《3月の独りふるさと会》

ハイボールをお代わりし、ほろ酔い気分に浸りながら、おまかせコースの後半戦へと望む。

エゴダイの焼き直しと入れ替わる形で、グツグツと威勢良く折返し地点を飾りしは、
『⑤原木しいたけのアヒージョ』


先程の天ぷらで舌鼓を打った原木しいたけを今度はオイル煮で再登板とは、イヤハヤ大活躍である。
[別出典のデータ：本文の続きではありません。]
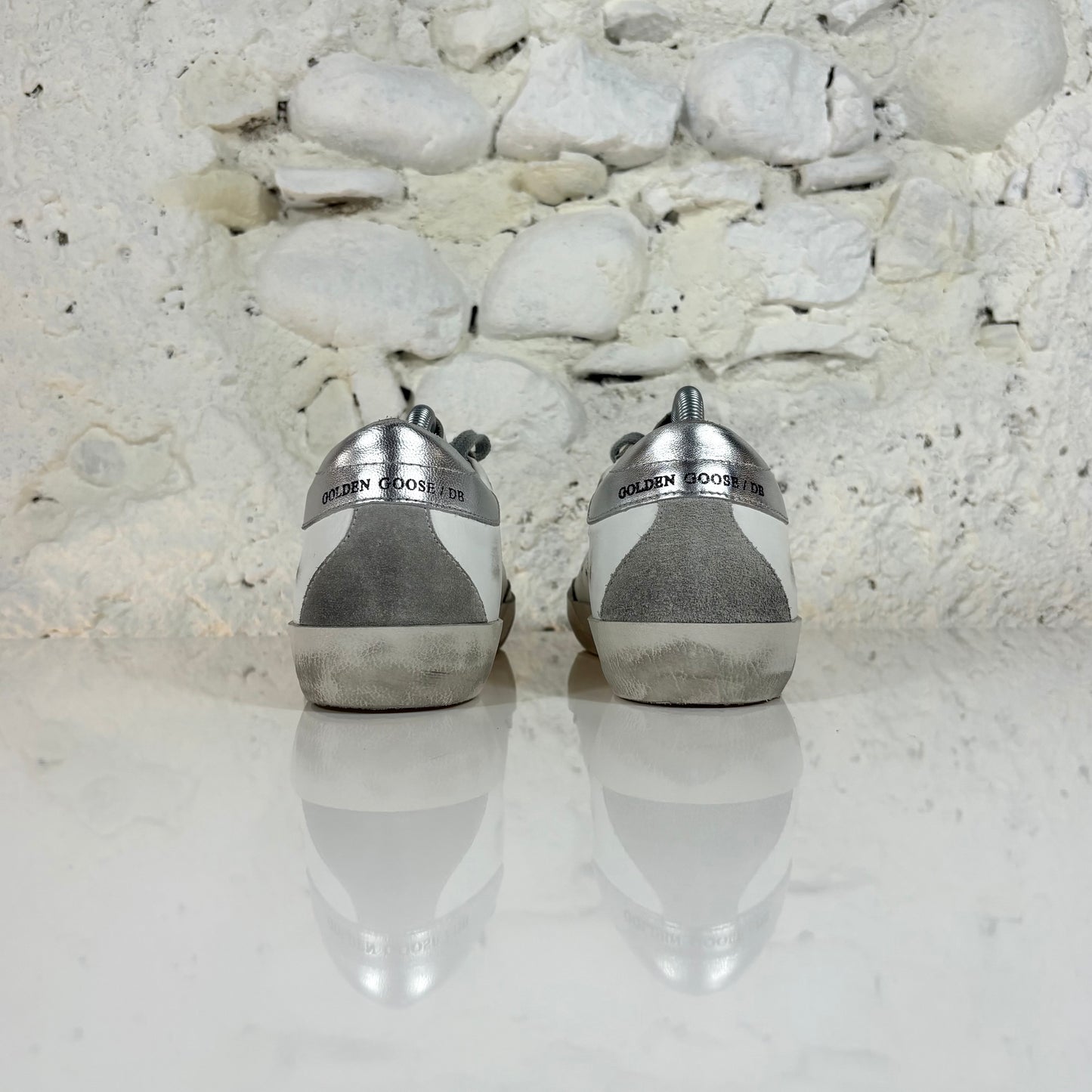 Golden goose Superstar bianche con talloncini argento 37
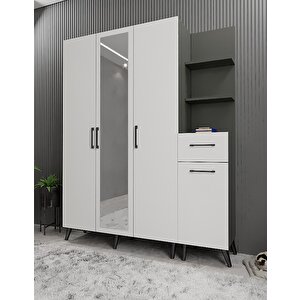 Harika Dört Kapaklı Portmanto Antrasit&beyaz P.d.h._6_140cm 140 cm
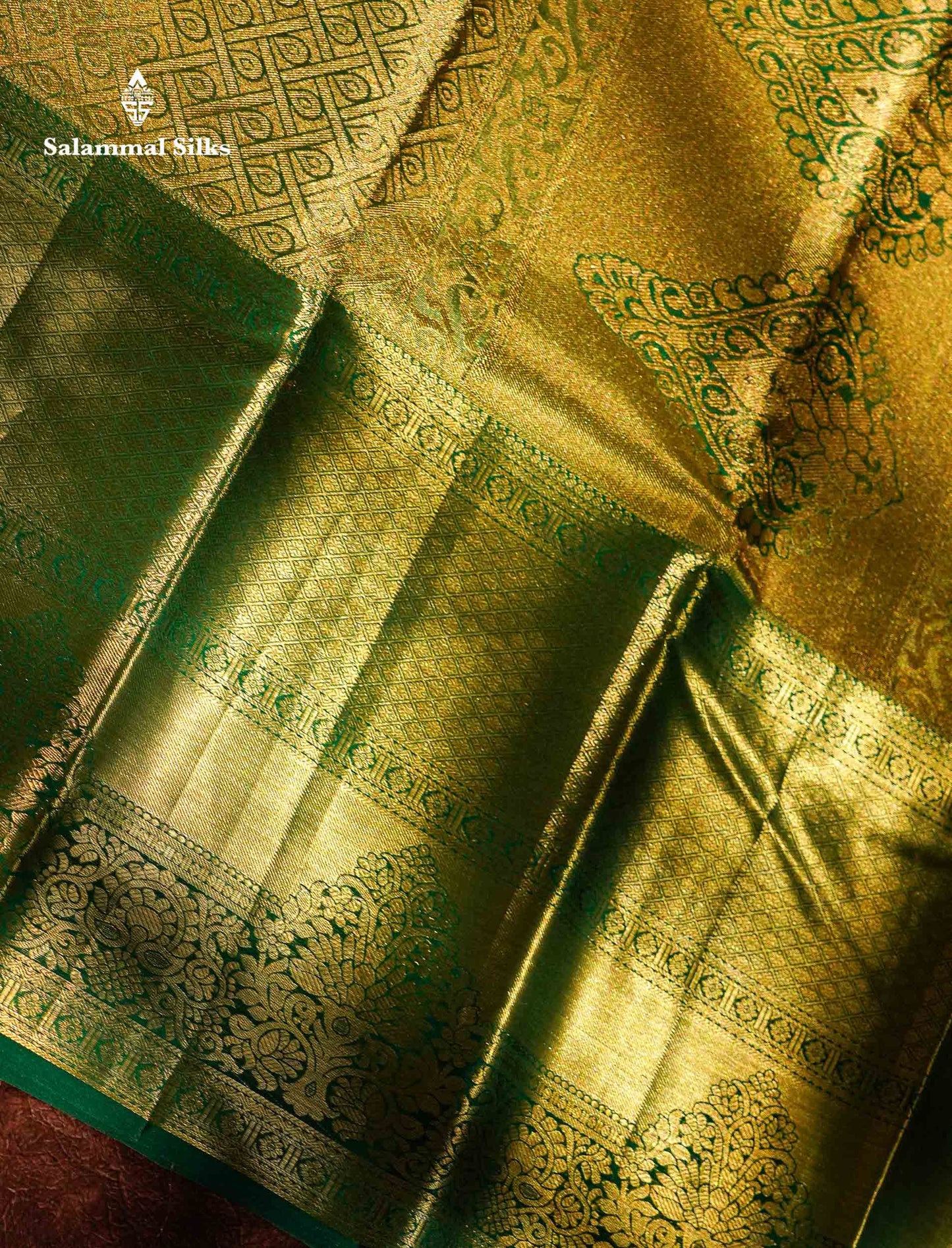 Beautiful Light Green Bridal Pure Kanjivaram Silk Saree With Contrast Bottle Green Traditional Evening Morning Border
大将自ら、シイタケのクオリティを絶賛しており、バケットに乗っけた際のズシリと君臨する貫禄からして、確固たる自信と実績を高々に証明していると云えよう。


6品目は、いよいよメインディッシュ

今回は
『⑥豚の味噌漬焼き』


御一人用の銅板に、豚肉とネギを乗っけてゆく独り焼肉スタイルのメニュー。

前回は、鴨ネギバージョンで嗜んだので、こう云う手法は慣れたモンだと、手際良く並べてジュ~ジュ~育ててゆく。


焼き具合を待つ間に、先程の
『⑦エゴダイの姿焼き』
が完成したので、先に頂く。


良いタイミングだ。

と、御機嫌に身を突っつけば、柔らかく白身が解れ、舌へと溶け込む。

ミディアムレアからウェルダンへと、実にエンターテイメントな味わい方である。

仲居さん達とも笑いながら、ハイボールを嗜むと、イイ頃合いで、豚肉が焼き上がった。


味噌で下味が付いており、其のままダイレクトに熱々のまま、口へと放れば、キャッチするや否や、灼熱の肉汁がジュ~シ〜に放射され、心地好い悶絶に暫し、本能は七転八倒する。



ネギの甘味も同様に罪深いショックをもたらす。


そして、とうとう〆。

春のフィナーレは、何ジャらホイ??と御陽気に待っていると、白い麺がセイロに乗って、接近してきた。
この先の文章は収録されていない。